Seems like relative tranquility in my life means less writing. For much of 2018, I was posting on this blog more than usual and writing copious journal entries about my love life in my dedicated google doc. Still, writing more is a top goal of 2019, which includes this blog, finishing a book chapter for my old boss, and finally getting a freelance news article published. Last year’s goals are largely checked off, except doing some work in news. I did get a new job as a Medical Writer, but I’m not doing as much writing as I would like. I’m not claiming I’ve met the love of my life either. You don’t really know if someone is until you get to the point of being engaged soon.
While life has stabilized thanks to a wonderful lack of heartbreak and my new job, it’s like I’ve grown accustomed to continuous change. This calm and stability are almost mundane. When you’re at a low, it’s stimulating, you’re driven to make changes because you have to. I want to be no less driven for change and growth than I am when times are tough.
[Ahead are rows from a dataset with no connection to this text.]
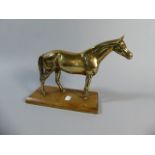 A Cast Brass Model of a Horse Set on Wooden Plinth, 19.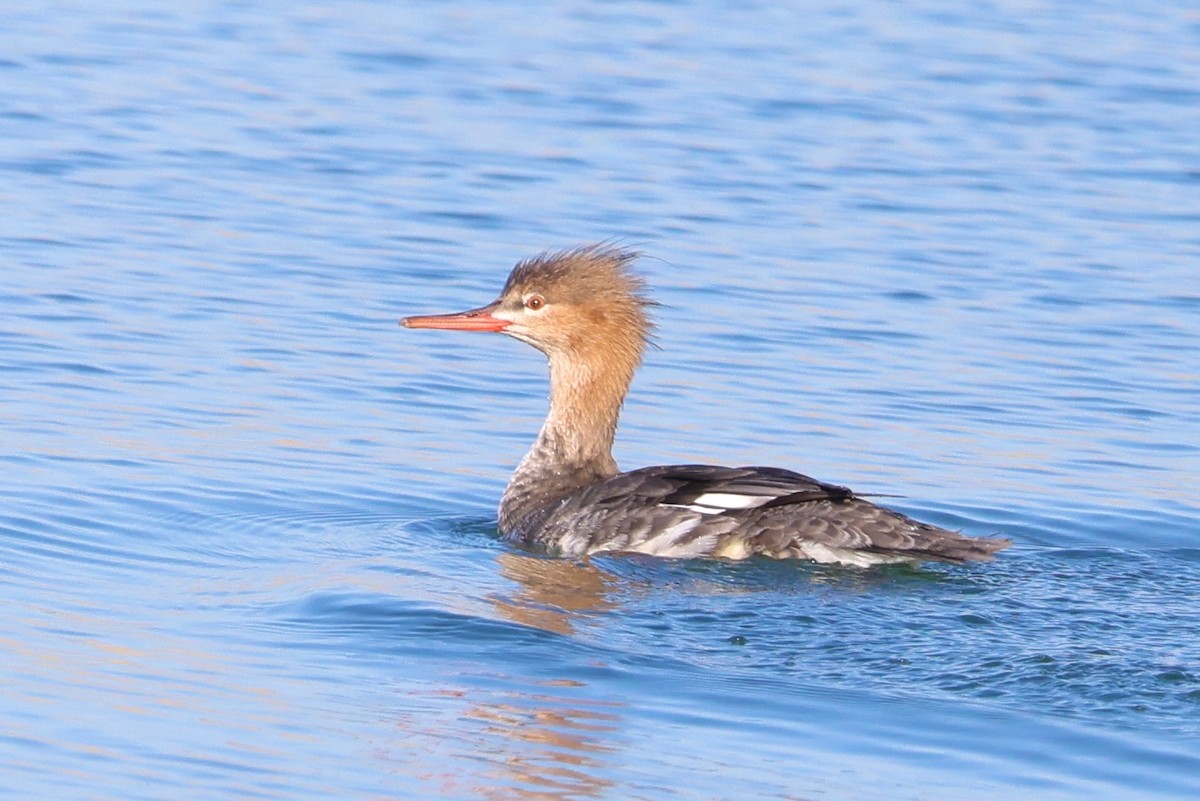 Common Merganser - Evan Appel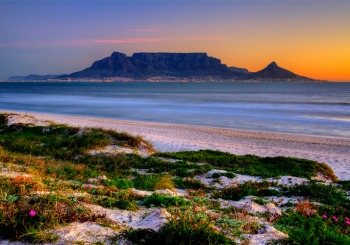 13 ways ANC wants to improve SA economy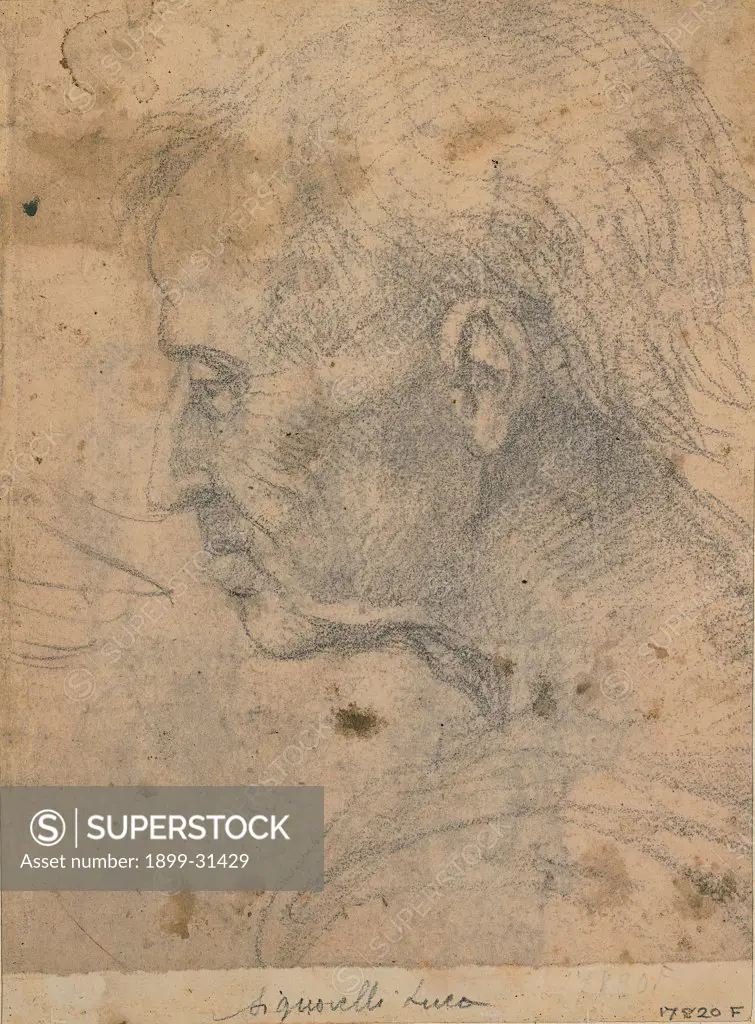 Male profile, by Signorelli Luca, 16th Century, black pencil. Italy, Tuscany, Florence, Uffizi Gallery, Drawings and Prints Cabinet. Whole artwork. Face of an aged man by profile hair receding hair-line wide: broad: high forehead aquiline nose neck shoulder.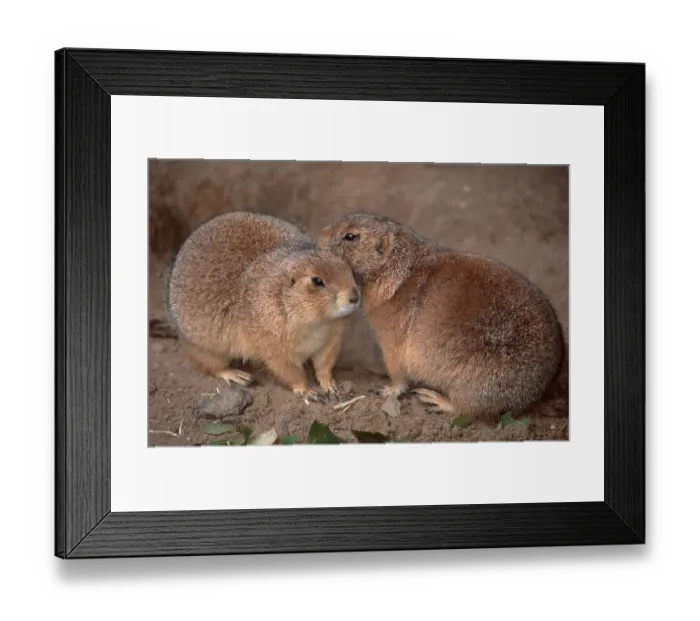 Framed Print : Black-tailed Prairie Dogs (Cynomys ludovicianus) Framed Print : Black-tailed Prairie Dogs (Cynomys ludovicianus)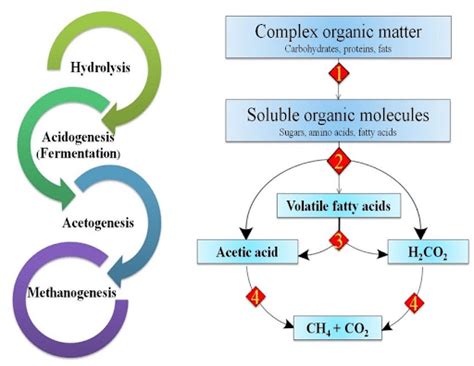 Anaerobic Digestion- Environment Notes
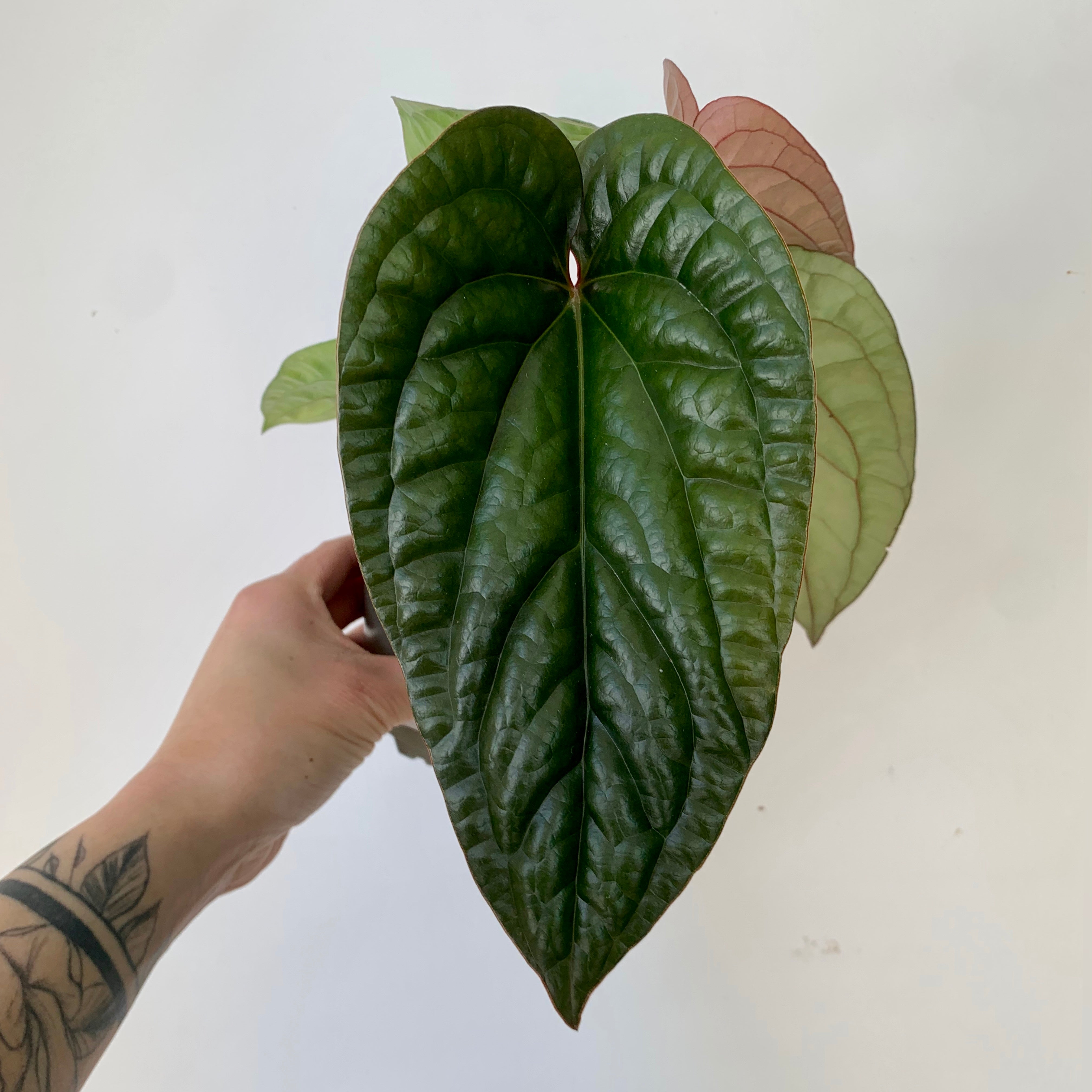 Anthurium Luxurians X Radicans (Hybrid) 4”pot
The onset of sub-zero temperatures and wind chill has me thinking of moving south or at least taking a weekend trip away. While I’ve settled into my new job and current life, it’s not as if I’ve arrived. I’m yearning to be challenged, to not just play it safe in my career and turn my back on the news industry just because it’s difficult to enter. Time passes regardless of what you do. Might as well take risks and push myself. Being 29 is freakin wonderful. Growing older is great, but time is still finite. What will I do with my one wild and precious life? By 30, 11 months from now, I’d like to break into news. At minimum one published article in 2019. I also want to be living in a new city with my long-awaited pet by my 30th birthday. Anything else is just cherries on top.
How will I know what choices to make to get me there? It can be hard to know which way the Lord is leading you. Where is He leading or do I even have a leading. Most often though, He says, No. Got that gem from the Midwest college retreat. The future, even the next few months, is impossible to predict, but if you trust Him and follow where He leads, it’ll be good. Perhaps different than your current definition of good, but ultimately better than my own plans. I didn’t expect to be in Chicago this long, but I’m sure glad I’m here.
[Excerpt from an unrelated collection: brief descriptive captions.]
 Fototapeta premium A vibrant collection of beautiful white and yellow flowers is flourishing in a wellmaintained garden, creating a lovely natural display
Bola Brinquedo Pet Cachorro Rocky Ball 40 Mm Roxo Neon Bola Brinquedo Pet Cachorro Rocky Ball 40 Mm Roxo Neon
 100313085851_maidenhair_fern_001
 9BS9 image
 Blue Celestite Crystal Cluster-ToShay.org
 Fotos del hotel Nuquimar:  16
“Out is out.” “Past is past.” My mom’s mottos relayed months ago have become mine. Hopes and declarations I wrote on this blog are now my reality. The past is in the dust. I ended up staying in Chicago, but it’s a new city to me. I’ve long miraculously, yet also normally healed. It’s as if I molted off the feathers of sadness and emerged an entirely new bird. And the change I so wanted I’ve gotten in spades: a new neighborhood and apartment, one new roommate and a new job! Enough newness that the fabric of daily life is different. New streets to make familiar and a new route to work to start my day.
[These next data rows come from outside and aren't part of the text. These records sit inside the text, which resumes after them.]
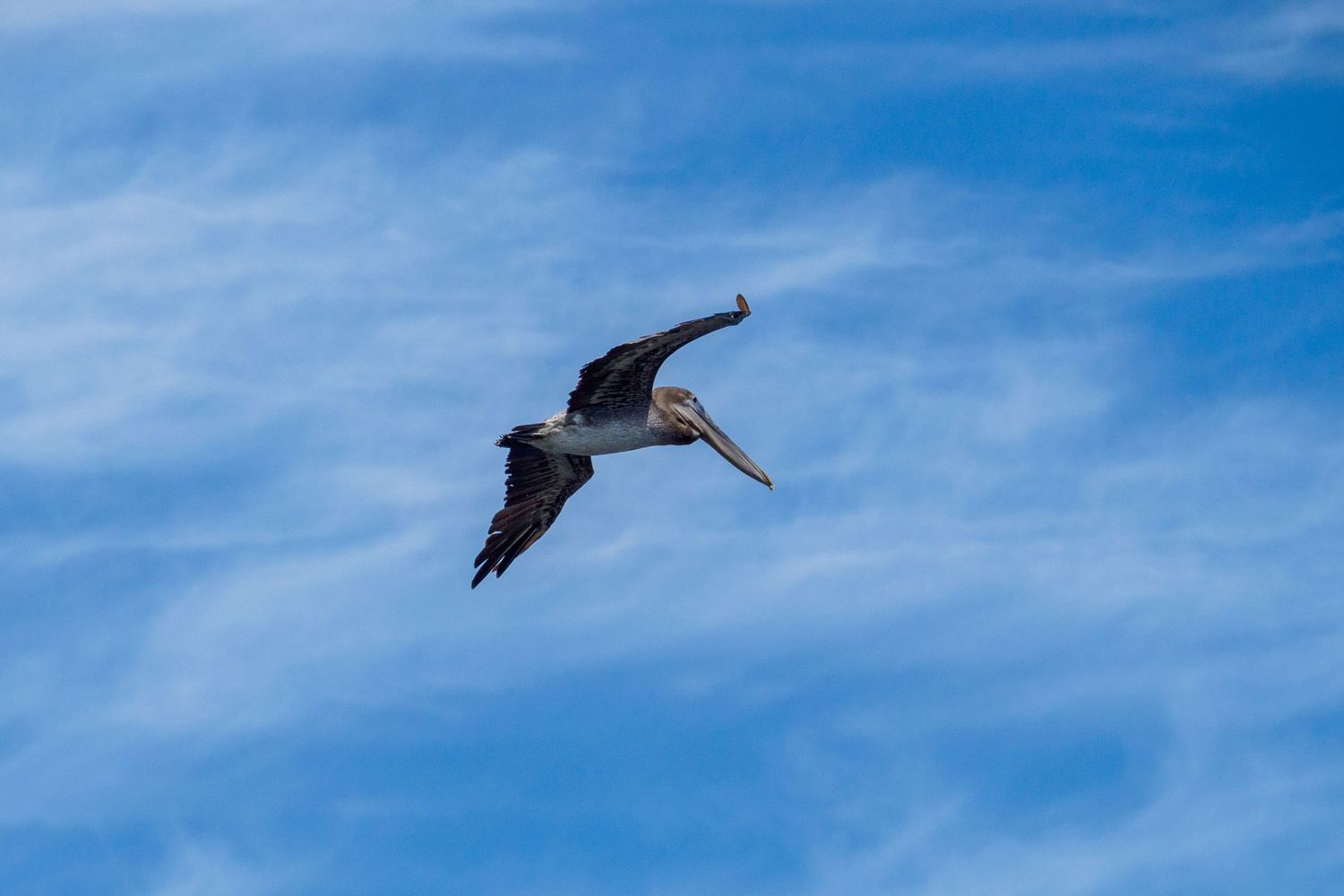A brown pelican soaring gracefully through a blue sky with wispy white clouds in the background.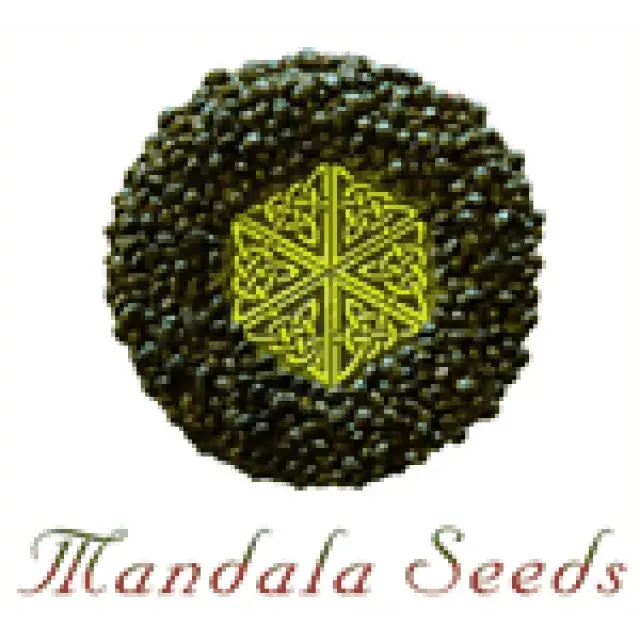 Mandala Seeds | Discount Cannabis Seeds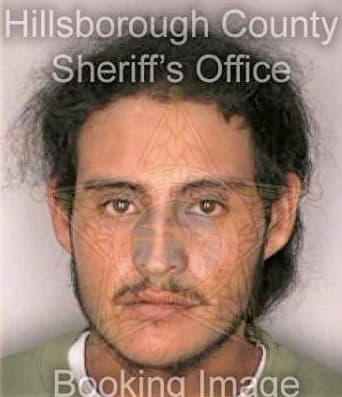 Camachomartinez Santiago - Hillsborough County, FL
Yet another area of my life has seen change, but I won’t go into that here. A powerful lesson I learned this year is that I’d rather be happily single than in a bad relationship that makes me sad. I also know to my core that I’m content regardless of what happens in life because I have Him. If I have Him (the Lord Jesus), I have everything. Through the years, I’ve learned to trust Him and just say, “You do whatever you want. You know and I don’t.” This is an area of your life you don’t have control over anyway, so it’s freeing to put it entirely on Him. Even if you’re in a relationship, there’s no way to predict or know if it’ll work out until it does. But He knows. It’s all in His hands. I’ll just be chilling over here and enjoying the gift of each day of life.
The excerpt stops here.